After surgery you will go to the recovery room for about 90 minutes prior to going to the orthopaedic floor of the hospital. Most patients who have surgery early in the day are able to get out of bed, walk and go to the bathroom the day of surgery. Oral pain medications are started. All patients will be given medication for the prevention of blood clots. Most patients can just take 325 mg of aspirin daily to prevent blood clots. Patients that are at a higher risk because of prior blood clots or pulmonary embolisms are treated with a stronger oral or injectable blood thinner. A physical therapist will evaluate your needs and design your post-surgical therapy to address your lifestyle when you get back home. If you have stairs or other challenges at home they will make sure you can safely do those things prior to discharge. It is important to begin the process of regaining the ability to bend and straighten the knee. Currently, the hospital stay is 1 to 3 nights. Some older patients will need further rehabilitation after the hospital stay. One option is having a home health physical therapist come to your house after discharge. Another option, especially for those without help at home, is going to one of the local nursing homes for further rehabilitation. This is usually covered by Medicare.

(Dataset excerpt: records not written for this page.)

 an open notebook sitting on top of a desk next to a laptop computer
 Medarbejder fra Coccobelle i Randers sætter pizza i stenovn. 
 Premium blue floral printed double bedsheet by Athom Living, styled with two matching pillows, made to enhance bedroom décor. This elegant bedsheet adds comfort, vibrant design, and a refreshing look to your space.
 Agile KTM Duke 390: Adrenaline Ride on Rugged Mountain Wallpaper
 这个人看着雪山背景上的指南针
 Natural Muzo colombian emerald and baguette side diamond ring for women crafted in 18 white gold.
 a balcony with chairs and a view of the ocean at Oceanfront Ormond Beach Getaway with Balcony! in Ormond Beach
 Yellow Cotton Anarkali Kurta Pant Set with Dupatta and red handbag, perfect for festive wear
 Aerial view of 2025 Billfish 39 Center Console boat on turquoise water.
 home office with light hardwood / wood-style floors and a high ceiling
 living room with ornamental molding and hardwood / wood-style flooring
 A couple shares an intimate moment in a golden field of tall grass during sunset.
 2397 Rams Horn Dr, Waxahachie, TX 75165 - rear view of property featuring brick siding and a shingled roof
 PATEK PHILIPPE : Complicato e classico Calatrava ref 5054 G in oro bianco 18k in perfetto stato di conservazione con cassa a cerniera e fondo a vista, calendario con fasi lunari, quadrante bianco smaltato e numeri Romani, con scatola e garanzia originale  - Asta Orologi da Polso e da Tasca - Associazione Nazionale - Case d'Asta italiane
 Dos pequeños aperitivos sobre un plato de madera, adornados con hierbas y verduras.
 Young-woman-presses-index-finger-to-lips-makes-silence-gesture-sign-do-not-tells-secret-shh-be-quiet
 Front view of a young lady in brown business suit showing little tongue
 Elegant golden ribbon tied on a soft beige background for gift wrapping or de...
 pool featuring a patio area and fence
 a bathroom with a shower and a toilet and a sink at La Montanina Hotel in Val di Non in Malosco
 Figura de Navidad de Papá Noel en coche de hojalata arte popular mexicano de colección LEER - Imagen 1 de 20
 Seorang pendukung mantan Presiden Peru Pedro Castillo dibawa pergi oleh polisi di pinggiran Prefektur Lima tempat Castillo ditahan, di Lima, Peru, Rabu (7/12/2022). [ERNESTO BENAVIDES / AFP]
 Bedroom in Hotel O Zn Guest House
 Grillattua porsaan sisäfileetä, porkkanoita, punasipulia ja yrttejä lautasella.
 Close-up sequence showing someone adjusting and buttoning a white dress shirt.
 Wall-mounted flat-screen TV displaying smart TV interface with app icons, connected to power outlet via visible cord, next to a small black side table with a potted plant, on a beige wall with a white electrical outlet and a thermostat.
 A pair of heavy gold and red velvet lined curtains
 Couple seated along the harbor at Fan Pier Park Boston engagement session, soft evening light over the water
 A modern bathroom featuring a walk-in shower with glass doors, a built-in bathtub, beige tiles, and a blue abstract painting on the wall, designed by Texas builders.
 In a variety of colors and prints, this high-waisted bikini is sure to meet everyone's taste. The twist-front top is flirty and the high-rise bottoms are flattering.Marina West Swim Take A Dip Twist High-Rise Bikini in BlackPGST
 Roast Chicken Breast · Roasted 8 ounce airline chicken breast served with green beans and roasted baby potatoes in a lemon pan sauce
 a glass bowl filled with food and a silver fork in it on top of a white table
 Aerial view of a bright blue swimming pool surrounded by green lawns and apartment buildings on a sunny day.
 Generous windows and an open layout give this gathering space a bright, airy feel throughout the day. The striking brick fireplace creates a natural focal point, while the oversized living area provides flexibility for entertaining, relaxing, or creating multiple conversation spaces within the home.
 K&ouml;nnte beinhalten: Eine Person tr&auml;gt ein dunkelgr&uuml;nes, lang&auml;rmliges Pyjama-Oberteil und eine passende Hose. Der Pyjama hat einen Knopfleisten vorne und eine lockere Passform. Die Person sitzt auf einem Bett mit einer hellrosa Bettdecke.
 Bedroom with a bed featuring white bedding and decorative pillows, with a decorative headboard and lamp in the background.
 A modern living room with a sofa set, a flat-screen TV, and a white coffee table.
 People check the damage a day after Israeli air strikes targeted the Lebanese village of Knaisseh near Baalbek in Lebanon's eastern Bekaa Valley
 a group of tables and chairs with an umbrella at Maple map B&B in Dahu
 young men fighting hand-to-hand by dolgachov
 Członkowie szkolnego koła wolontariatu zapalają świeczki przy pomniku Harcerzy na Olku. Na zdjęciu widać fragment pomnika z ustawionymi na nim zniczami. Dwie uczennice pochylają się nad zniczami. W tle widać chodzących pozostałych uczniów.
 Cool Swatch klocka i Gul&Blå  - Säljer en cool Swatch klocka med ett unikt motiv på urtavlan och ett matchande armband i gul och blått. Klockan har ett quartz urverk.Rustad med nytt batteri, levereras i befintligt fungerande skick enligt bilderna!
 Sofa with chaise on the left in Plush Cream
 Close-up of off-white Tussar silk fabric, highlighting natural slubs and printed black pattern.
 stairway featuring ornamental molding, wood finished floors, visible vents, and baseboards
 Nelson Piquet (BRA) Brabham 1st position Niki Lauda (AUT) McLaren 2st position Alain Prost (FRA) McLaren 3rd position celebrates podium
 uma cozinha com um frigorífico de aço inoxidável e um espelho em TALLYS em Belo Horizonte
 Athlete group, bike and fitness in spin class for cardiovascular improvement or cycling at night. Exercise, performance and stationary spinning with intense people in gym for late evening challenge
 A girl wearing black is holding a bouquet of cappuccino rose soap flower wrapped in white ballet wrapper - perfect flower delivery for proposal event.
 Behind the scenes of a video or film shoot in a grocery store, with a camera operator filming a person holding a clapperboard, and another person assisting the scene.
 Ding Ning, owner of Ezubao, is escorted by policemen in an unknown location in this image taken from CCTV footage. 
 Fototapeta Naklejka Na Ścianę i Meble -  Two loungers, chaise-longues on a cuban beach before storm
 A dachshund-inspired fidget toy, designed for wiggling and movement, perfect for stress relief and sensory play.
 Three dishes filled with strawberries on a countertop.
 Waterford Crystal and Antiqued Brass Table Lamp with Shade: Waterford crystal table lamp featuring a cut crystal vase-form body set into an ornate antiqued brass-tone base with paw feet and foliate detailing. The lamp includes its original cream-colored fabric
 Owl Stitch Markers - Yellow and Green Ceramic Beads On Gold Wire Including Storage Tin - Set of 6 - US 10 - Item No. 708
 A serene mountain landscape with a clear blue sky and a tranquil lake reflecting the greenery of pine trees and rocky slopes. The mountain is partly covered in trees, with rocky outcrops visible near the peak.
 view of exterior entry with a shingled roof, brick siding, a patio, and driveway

After you are home you will continue to work on the range of motion exercises recommended by the physical therapist in order to regain the ability to bend and straighten the knee. Outpatient physical therapy is often recommended to facilitate the recovery process. You will continue to use the walker or crutches until it is safe to progress to a cane, and finally no external support. Most people will feel that they are doing pretty well by three months after surgery.